### [Task requirements]
Restate verbatim the span of lines below between the line with "Deutsche Bank Db" and the line with "They’re just trying", including those two lines, and only that span.

### [Entries supplied]
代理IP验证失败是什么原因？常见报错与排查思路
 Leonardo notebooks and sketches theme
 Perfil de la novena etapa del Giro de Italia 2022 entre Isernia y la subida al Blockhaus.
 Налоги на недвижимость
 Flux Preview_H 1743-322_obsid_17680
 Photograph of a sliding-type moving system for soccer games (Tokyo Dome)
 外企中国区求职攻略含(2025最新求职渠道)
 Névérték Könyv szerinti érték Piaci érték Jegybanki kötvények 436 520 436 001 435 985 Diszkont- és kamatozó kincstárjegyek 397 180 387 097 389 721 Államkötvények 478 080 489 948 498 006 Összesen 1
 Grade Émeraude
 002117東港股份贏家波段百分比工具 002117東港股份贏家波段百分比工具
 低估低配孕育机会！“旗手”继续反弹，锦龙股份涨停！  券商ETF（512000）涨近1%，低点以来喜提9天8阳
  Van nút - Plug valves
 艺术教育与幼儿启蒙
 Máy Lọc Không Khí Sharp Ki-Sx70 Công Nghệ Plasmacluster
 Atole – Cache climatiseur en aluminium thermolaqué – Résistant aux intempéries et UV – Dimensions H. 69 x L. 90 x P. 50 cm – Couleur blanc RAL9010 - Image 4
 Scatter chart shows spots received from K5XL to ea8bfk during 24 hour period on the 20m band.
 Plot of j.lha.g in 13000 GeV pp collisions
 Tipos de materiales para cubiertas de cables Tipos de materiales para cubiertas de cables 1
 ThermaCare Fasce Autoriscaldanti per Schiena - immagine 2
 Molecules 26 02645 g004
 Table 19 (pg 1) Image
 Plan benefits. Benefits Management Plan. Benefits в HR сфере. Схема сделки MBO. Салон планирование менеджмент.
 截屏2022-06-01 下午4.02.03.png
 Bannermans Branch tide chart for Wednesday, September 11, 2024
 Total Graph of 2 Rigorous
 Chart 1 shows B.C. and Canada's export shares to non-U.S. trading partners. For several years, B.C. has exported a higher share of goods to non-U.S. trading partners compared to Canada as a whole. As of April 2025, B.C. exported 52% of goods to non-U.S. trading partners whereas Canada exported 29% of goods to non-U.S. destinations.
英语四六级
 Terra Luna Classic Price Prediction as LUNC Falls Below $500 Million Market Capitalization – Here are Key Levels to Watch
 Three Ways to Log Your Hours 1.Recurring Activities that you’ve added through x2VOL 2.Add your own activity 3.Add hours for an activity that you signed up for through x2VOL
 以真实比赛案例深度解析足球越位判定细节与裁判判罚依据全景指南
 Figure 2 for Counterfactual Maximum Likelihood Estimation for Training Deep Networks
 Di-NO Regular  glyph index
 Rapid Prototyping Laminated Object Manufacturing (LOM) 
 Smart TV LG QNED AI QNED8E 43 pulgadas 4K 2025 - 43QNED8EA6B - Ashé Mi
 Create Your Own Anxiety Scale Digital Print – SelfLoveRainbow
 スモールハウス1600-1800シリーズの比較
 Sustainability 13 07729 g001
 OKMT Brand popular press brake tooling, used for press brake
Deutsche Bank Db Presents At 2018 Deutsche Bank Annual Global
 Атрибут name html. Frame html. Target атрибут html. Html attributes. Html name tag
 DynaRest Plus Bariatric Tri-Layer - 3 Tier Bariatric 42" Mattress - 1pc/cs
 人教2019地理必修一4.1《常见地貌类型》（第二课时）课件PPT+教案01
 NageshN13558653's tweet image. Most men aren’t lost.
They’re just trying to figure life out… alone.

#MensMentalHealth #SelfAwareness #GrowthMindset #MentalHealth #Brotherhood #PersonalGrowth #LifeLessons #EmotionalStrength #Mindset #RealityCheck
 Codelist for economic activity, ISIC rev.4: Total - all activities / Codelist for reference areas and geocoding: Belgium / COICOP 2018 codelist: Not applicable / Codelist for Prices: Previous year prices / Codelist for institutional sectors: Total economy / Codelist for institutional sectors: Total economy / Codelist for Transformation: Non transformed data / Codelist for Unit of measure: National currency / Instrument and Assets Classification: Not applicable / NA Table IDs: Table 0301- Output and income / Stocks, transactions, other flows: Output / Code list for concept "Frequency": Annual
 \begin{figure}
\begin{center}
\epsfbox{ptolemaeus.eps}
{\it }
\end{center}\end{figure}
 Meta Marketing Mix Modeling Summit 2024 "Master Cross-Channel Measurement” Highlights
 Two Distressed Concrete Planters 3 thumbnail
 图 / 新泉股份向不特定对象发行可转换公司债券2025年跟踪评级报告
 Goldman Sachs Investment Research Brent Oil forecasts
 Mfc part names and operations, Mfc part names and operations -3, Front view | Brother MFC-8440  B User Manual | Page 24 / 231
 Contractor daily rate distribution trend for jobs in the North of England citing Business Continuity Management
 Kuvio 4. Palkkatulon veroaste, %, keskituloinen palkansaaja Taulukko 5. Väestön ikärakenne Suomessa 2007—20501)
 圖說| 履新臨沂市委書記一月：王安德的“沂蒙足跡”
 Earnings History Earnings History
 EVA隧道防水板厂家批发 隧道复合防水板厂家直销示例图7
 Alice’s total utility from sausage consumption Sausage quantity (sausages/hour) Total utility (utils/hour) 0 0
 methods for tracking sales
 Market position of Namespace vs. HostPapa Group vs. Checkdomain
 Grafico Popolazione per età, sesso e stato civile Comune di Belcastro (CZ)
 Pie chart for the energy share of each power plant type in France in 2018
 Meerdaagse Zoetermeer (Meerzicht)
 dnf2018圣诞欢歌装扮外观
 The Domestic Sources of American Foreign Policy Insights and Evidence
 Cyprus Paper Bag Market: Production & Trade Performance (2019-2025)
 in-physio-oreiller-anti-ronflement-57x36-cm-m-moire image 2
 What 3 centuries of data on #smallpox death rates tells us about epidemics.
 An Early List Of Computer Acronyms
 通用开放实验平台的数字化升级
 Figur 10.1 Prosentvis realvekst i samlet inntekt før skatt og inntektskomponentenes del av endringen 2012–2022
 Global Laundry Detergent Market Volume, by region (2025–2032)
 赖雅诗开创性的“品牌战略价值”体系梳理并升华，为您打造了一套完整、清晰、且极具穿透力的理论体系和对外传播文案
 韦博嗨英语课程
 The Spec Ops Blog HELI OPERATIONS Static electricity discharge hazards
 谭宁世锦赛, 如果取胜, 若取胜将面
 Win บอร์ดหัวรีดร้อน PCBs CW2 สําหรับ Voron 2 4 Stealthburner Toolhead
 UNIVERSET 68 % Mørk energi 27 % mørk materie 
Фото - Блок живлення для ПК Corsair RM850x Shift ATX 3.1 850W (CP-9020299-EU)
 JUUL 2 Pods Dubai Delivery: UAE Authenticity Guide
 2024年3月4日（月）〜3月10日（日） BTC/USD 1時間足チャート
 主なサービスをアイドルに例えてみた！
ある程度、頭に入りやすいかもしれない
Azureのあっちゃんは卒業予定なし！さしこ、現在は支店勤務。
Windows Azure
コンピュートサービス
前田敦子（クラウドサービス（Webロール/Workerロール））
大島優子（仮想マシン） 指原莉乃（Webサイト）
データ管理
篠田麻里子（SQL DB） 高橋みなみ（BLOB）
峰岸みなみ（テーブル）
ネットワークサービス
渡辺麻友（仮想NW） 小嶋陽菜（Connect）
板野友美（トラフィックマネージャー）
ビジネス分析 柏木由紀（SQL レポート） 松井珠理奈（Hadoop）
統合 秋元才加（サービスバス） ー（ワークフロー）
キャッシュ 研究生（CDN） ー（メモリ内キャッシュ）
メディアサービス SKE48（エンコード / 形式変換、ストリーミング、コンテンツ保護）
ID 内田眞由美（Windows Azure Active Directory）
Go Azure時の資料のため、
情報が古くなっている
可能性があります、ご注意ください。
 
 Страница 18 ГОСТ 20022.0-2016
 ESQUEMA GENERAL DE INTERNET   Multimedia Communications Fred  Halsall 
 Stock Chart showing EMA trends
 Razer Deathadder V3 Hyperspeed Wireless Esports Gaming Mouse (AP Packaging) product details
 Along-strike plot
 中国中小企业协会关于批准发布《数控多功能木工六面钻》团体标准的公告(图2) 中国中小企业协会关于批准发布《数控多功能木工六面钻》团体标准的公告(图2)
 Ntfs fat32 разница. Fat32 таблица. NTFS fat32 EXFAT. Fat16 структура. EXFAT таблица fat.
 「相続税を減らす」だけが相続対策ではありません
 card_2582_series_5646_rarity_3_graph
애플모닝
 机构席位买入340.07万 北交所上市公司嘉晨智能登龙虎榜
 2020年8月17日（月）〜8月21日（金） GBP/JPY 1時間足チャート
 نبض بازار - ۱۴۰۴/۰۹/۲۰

### [Response]
Deutsche Bank Db Presents At 2018 Deutsche Bank Annual Global
 Атрибут name html. Frame html. Target атрибут html. Html attributes. Html name tag
 DynaRest Plus Bariatric Tri-Layer - 3 Tier Bariatric 42" Mattress - 1pc/cs
 人教2019地理必修一4.1《常见地貌类型》（第二课时）课件PPT+教案01
 NageshN13558653's tweet image. Most men aren’t lost.
They’re just trying to figure life out… alone.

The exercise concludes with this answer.